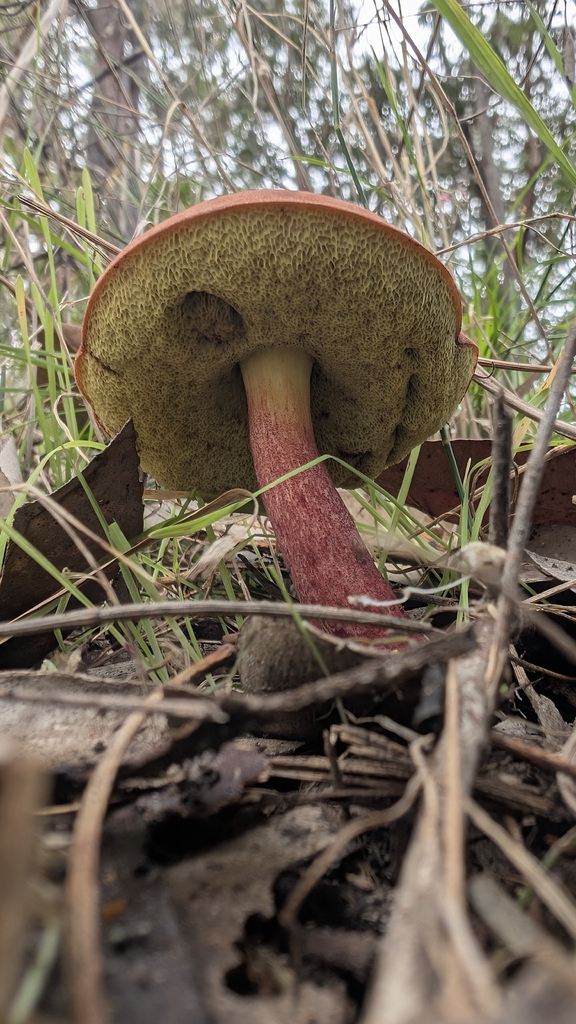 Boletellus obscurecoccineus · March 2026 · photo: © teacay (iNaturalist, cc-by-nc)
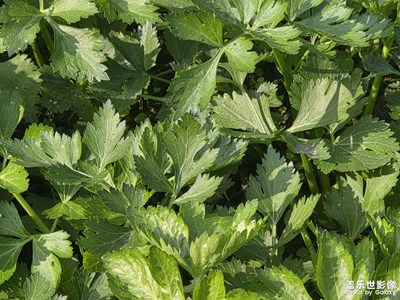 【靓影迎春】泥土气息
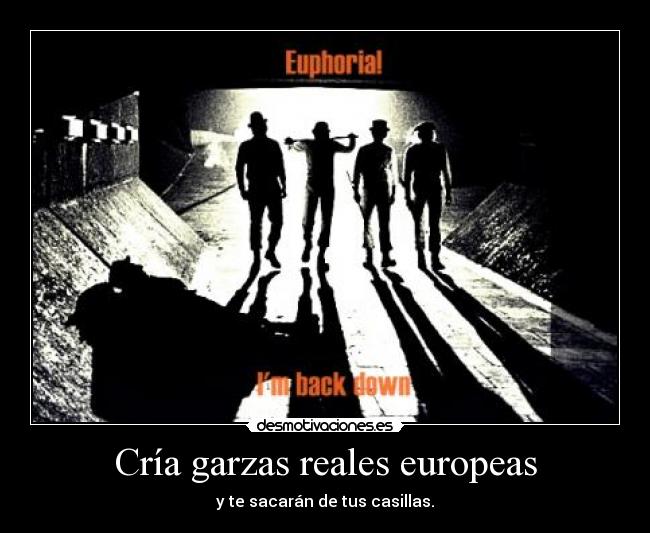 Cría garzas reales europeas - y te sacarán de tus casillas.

...

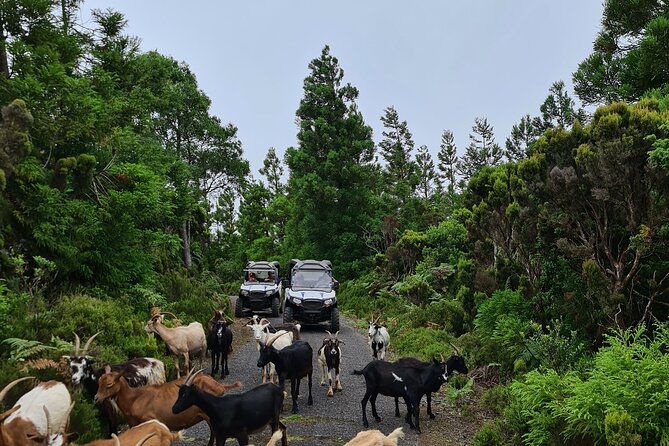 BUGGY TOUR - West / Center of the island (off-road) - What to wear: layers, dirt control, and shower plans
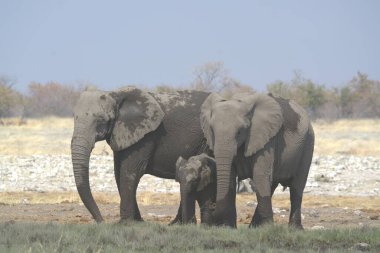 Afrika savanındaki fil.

#### Work order:
No picture is to be printed. Output exactly the lines above from the line containing "BUGGY TOUR - West" through the line containing "Afrika savanındaki fil.".

#### Solution:
 BUGGY TOUR - West / Center of the island (off-road) - What to wear: layers, dirt control, and shower plans
 Afrika savanındaki fil.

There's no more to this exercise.